• What is being asked
Exact repetition of a range: find the line containing "Room 16 of 25" and the line containing "ジューシーピュアアイズ/キャ" in the material below, then repeat both and all lines between them, leaving pictures out.

• Supplied material
◆ ◆ ◆ ◆ ◆
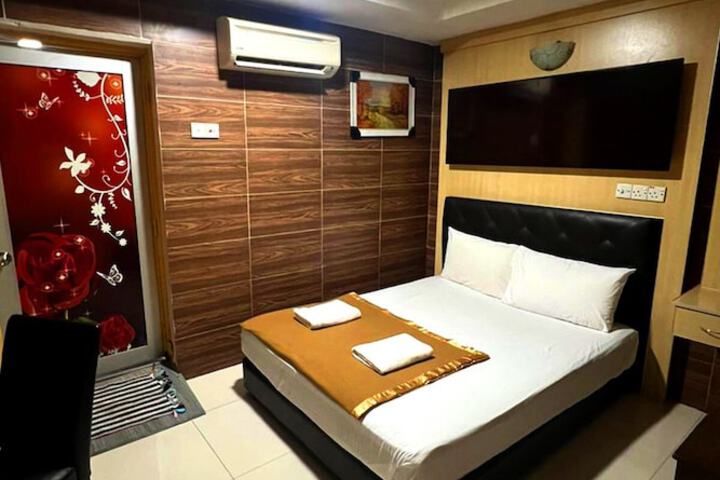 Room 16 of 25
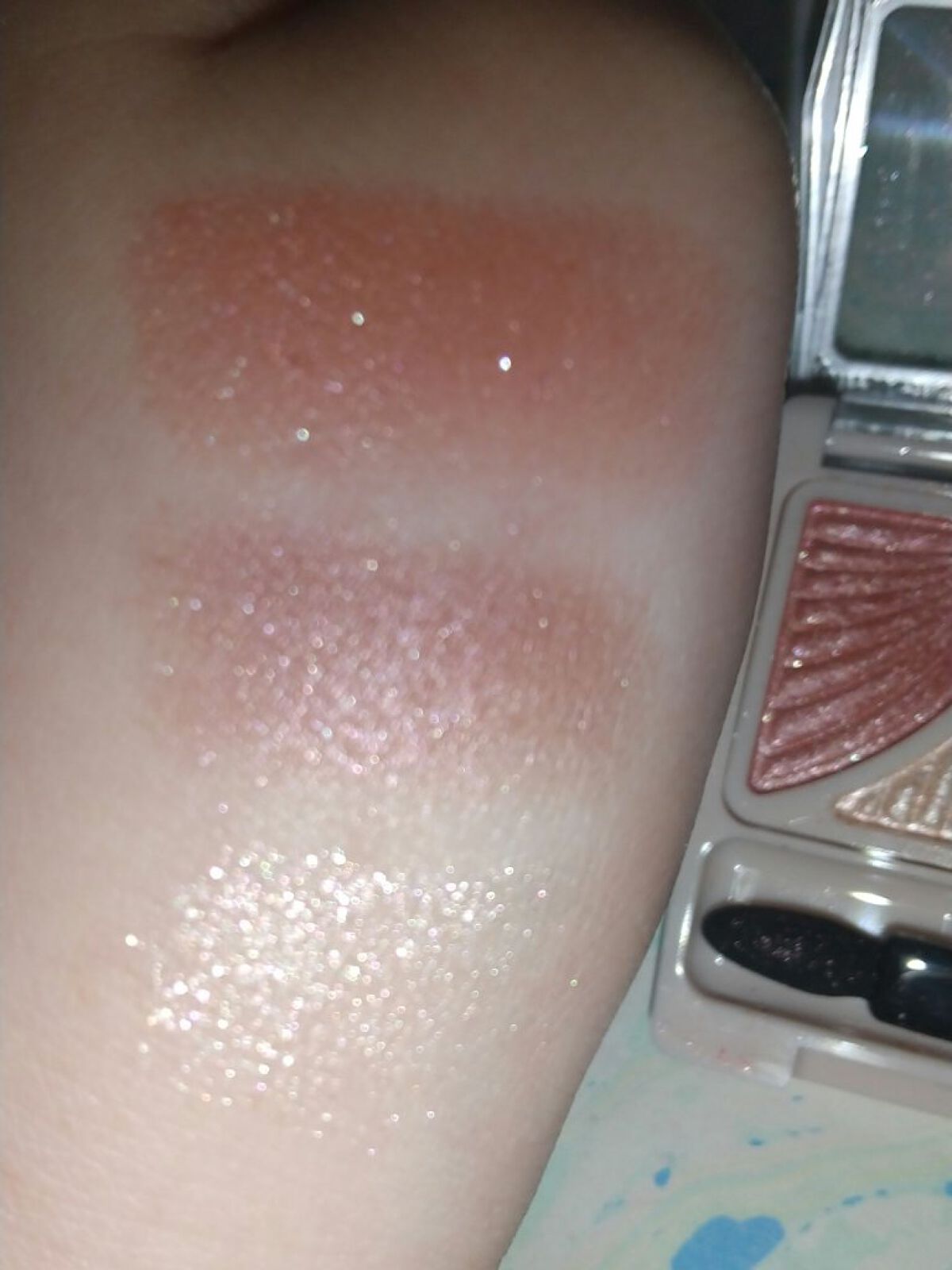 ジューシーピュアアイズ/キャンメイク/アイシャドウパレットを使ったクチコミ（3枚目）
◆ ◆ ◆ ◆ ◆
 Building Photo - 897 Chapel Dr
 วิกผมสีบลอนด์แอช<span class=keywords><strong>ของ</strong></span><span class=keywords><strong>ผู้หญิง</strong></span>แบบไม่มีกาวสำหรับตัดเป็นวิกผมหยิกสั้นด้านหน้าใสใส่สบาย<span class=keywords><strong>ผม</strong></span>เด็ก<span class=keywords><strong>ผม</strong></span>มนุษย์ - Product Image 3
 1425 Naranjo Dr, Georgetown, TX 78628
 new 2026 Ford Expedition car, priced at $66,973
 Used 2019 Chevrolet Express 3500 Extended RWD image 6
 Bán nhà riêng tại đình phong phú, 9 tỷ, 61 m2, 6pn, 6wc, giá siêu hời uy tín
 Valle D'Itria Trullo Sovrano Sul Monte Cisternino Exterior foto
◆ ◆ ◆ ◆ ◆
• Task output
 Room 16 of 25
 ジューシーピュアアイズ/キャンメイク/アイシャドウパレットを使ったクチコミ（3枚目）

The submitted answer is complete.